Monday, August 24, 2015

Bennett Installation





First thing is to get the stern up as high as possible by lowering the jack all the way down so you don't have to stand on your head.


I've got flotation blocks in the lower outside corners of my transom, then smaller blocks the rest of the way up. MJ Thomas at Bennett helped me with measurements that indicated the top of the 'small' actuators included in the M-80 kit would have been inside these flotation blocks, prohibiting me from using the clean, thru transom hydraulics.

This is how I measured.



But the longer actuators would clear the lower block so the thru hole for the hydraulic line can be easily accessible from the inside of the boat.





Bennett shipped the longer actuators to me even before I received my tab kit.

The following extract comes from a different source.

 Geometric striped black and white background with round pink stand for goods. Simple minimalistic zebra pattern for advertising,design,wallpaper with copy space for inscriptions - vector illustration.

The tab/hinge assemblyy is pretty straightforward -- tape the plates in position, mark the holes and drill. The instructions say to use a 9/64" bit, and to go to 5/32 if necessary. I'm guessing this is because a thin fiberglass transom with wood would benefit from a better grip in the wood with a smaller pilot. The glass in my transom needed the bigger hole. But being perpendicularly challenged, I needed help in making sure I didn't skew the holes as I drilled them. So as usual for me, I used the drill press to make a hole in a square helper, then adjusted the drill bit in the chuck to give me the required depth.

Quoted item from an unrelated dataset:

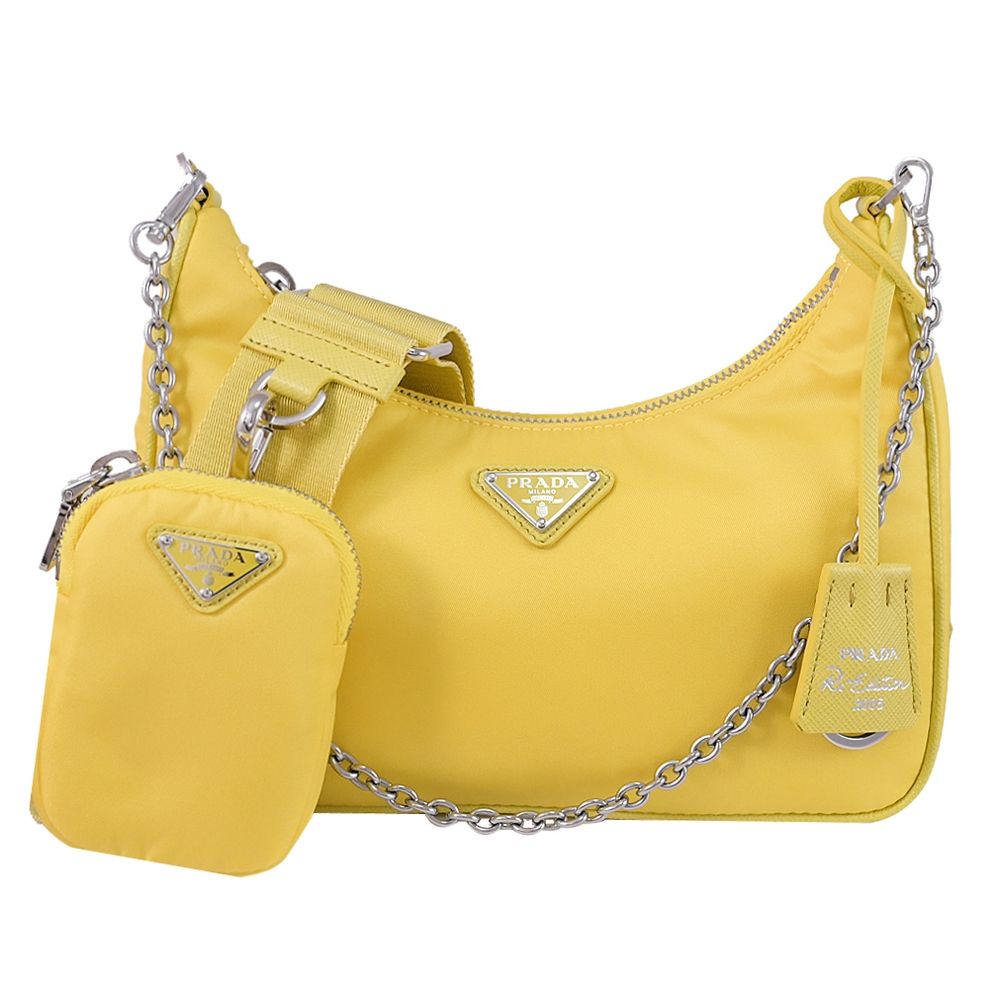 PRADA Re-Edition 2005 Re-Nylon 三角LOGO尼龍二合一肩/斜背包(亮黃)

This pilot hole is a perpendicular guide for transom drilling.
With this setup the hole in my transom would be just the right length for the screw.
The helper is shown here used for the upper actuator holes.
I actually used this setup for the hinge/tab first to get a perpendicular hole that is just the right depth.
With the tab/hinge in place, I used a straight edge held against the bottom of the boat with a bottle jack and 5/8 spacer to hold the tab up while I positioned the actuator, then taped the template in proper position for the upper holes. I didn't get a pic during the process, so I re-rigged it after the installation to show how I did it. You may notice in some places the pictures seem to get ahead of themselves - because I wasn't real good at taking them in real sequence.

This picture was taken after I had fastened the top of the actuator but shows how I measured.
After drilling the 3/8" pilots for the the mounting fasteners, I put in the 3/4" hole for the thru transom hydraulic line, hoping I'd measured/calculated correctly.

And "Phew", I had!
You can see the hydraulic line coming thru the transom. If the hole was a little more outward I'd have been into the flotation; and with the 2" shorter 'small' actuator I would have been into the flotation block below.
I like to chamfer the pilot holes and fill them with sealant before installation. A chamfer will keep the gelcoat from cracking when the fastener is run in.
Using a horse needle on the syringe I can fill the hole from the inside out.
More on the syringe technique here.


I also like to swab the thru hull with sealant to protect the wood, and being anxious to finish the job before the sealer set up, used a 'sleeve' to feed the hose thru to keep it from getting all gooped up.





I used the same syringe without the needle for applying sealant to the actuator.


Oh, and Bennett even had the forethought to tape the end of the line running thru the transom to keep junk out of the line during installation.


They might have thought to do the same thing to the actuators while measuring and drilling; it's not a bad idea to do it yourself.




I'm always hesitant to put holes in my boat, but Bennett has made it fun!
It's been a very satisfying morning.


Now all I have to do is notch and refit the swim platform, re-attach the anchor holder and get the inside stuff done.

BTW - if you plan to purchase the indicator for tab position, you'll want to do it right away as it would otherwise require you to remove the actuators to fit the new sender portion (and another hole in the transom). After I had my new tabs fully installed I learned of a free indicator offer - which I took advantage of and had to remove/modify/replace the actuators - in addition to the new hole for the sender wire.